> _ABOUT THIS TASK_: Copy out the lines of the records below, and only those lines, from the one with "mmoline.com" through the one with "2014_9_18-first-day-of-dance.jpg", exactly as they appear.

※

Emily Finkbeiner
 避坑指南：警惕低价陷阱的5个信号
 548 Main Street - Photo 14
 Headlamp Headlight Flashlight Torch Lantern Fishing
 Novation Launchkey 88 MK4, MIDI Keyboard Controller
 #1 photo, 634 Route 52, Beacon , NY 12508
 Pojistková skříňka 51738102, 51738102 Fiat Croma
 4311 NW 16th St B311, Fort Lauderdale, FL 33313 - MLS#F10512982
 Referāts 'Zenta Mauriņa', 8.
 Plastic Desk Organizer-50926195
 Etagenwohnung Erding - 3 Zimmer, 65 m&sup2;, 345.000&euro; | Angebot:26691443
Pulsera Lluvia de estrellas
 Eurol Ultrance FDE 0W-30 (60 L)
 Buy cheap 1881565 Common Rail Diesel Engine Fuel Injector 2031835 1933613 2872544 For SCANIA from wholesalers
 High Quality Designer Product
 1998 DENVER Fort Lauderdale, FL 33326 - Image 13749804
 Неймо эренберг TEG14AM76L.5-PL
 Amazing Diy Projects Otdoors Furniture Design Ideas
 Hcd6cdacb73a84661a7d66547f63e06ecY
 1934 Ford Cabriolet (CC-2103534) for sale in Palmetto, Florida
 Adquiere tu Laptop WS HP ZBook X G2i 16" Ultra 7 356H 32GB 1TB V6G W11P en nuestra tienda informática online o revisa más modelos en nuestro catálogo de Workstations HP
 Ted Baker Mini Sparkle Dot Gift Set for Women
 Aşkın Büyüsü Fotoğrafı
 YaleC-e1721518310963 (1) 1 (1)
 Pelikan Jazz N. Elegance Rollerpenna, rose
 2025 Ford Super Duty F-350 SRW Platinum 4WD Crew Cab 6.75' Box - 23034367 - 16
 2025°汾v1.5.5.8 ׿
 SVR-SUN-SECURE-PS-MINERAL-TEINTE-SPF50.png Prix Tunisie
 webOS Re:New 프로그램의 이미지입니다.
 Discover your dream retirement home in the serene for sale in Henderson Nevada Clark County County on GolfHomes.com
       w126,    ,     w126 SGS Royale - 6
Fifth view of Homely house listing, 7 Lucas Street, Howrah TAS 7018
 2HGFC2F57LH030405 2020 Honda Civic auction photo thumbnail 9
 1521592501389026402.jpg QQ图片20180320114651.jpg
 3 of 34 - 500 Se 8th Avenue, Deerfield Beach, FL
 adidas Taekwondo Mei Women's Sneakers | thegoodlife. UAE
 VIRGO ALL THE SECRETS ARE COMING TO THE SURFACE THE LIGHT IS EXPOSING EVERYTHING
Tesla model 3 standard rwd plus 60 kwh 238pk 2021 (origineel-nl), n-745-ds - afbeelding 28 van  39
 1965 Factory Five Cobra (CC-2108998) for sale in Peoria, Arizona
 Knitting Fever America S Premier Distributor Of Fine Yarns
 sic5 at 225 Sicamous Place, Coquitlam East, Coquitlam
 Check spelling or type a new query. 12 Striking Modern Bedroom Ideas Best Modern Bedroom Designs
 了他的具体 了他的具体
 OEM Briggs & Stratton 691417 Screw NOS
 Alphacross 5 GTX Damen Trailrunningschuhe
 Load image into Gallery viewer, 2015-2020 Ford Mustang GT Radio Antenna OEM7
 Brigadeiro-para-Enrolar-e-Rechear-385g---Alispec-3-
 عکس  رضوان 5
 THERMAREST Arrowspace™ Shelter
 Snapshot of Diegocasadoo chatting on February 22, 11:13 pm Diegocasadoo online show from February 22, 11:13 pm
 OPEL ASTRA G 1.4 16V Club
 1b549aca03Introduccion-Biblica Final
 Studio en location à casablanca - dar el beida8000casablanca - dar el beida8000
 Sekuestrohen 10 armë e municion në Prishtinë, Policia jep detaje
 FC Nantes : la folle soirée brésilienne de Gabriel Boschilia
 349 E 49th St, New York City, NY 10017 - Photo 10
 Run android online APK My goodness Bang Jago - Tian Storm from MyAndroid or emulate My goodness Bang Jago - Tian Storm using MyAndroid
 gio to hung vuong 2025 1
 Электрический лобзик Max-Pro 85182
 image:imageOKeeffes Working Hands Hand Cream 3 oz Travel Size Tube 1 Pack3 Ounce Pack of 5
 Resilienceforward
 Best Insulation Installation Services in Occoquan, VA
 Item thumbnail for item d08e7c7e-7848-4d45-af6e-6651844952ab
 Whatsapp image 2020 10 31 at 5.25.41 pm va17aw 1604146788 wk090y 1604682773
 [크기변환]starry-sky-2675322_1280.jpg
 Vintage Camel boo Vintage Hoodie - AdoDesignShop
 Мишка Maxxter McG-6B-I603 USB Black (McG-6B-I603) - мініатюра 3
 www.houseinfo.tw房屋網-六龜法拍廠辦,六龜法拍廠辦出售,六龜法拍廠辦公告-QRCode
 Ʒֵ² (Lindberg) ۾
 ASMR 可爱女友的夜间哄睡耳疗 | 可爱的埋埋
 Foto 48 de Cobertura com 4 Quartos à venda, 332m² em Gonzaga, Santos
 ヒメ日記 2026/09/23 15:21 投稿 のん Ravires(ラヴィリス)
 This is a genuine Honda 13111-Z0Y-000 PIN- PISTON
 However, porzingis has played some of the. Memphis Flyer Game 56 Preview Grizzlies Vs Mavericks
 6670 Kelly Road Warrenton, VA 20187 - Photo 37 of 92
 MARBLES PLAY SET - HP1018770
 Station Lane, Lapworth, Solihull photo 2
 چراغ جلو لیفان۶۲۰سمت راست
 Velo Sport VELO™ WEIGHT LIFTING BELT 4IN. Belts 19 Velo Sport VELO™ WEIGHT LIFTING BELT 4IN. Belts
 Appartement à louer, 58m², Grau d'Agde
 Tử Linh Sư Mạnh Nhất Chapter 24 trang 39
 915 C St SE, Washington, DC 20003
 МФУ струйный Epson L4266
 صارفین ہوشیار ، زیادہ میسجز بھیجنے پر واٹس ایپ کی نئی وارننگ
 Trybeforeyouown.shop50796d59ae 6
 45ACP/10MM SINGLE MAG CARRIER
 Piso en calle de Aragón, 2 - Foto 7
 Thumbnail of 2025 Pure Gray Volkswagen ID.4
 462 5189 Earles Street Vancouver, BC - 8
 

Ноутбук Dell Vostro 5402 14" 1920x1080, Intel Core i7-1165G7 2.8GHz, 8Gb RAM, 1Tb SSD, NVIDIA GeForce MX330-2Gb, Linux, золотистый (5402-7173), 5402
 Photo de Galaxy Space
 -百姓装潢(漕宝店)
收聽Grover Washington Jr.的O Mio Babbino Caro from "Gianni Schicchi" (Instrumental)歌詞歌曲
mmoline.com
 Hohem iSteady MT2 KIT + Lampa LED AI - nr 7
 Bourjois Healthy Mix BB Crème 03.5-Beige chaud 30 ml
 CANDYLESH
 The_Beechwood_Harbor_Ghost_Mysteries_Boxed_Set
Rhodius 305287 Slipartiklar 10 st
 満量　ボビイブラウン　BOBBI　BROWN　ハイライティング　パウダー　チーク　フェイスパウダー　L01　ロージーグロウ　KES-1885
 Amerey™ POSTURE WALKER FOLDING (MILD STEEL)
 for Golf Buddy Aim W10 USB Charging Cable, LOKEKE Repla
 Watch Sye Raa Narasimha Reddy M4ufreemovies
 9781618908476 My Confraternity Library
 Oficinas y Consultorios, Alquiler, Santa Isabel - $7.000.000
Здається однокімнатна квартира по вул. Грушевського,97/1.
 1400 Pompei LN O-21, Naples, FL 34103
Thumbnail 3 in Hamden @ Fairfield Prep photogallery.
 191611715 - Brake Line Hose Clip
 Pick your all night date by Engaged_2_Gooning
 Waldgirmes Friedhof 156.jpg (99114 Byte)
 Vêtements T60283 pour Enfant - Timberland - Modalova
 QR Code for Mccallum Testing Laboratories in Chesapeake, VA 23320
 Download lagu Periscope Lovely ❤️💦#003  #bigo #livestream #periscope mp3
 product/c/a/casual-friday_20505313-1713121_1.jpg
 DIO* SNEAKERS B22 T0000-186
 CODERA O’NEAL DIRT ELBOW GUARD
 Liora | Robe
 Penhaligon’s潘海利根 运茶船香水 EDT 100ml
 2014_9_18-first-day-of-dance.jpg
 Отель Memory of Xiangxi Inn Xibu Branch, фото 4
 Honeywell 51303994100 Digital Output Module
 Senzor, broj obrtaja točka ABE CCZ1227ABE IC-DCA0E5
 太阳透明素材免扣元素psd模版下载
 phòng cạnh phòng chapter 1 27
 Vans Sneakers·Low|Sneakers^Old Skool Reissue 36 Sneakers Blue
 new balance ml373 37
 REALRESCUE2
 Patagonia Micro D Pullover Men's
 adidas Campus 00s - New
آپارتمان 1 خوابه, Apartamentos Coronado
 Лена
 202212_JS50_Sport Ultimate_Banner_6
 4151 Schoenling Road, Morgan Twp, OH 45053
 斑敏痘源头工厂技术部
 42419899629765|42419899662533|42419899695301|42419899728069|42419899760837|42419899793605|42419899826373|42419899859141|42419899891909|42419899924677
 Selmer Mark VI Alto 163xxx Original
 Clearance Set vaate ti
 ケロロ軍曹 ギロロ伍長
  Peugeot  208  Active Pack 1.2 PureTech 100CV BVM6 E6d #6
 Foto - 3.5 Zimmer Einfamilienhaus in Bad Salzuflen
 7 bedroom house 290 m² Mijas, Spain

※

> _RESULT OF THE EXERCISE_:
mmoline.com
 Hohem iSteady MT2 KIT + Lampa LED AI - nr 7
 Bourjois Healthy Mix BB Crème 03.5-Beige chaud 30 ml
 CANDYLESH
 The_Beechwood_Harbor_Ghost_Mysteries_Boxed_Set
Rhodius 305287 Slipartiklar 10 st
 満量　ボビイブラウン　BOBBI　BROWN　ハイライティング　パウダー　チーク　フェイスパウダー　L01　ロージーグロウ　KES-1885
 Amerey™ POSTURE WALKER FOLDING (MILD STEEL)
 for Golf Buddy Aim W10 USB Charging Cable, LOKEKE Repla
 Watch Sye Raa Narasimha Reddy M4ufreemovies
 9781618908476 My Confraternity Library
 Oficinas y Consultorios, Alquiler, Santa Isabel - $7.000.000
Здається однокімнатна квартира по вул. Грушевського,97/1.
 1400 Pompei LN O-21, Naples, FL 34103
Thumbnail 3 in Hamden @ Fairfield Prep photogallery.
 191611715 - Brake Line Hose Clip
 Pick your all night date by Engaged_2_Gooning
 Waldgirmes Friedhof 156.jpg (99114 Byte)
 Vêtements T60283 pour Enfant - Timberland - Modalova
 QR Code for Mccallum Testing Laboratories in Chesapeake, VA 23320
 Download lagu Periscope Lovely ❤️💦#003  #bigo #livestream #periscope mp3
 product/c/a/casual-friday_20505313-1713121_1.jpg
 DIO* SNEAKERS B22 T0000-186
 CODERA O’NEAL DIRT ELBOW GUARD
 Liora | Robe
 Penhaligon’s潘海利根 运茶船香水 EDT 100ml
 2014_9_18-first-day-of-dance.jpg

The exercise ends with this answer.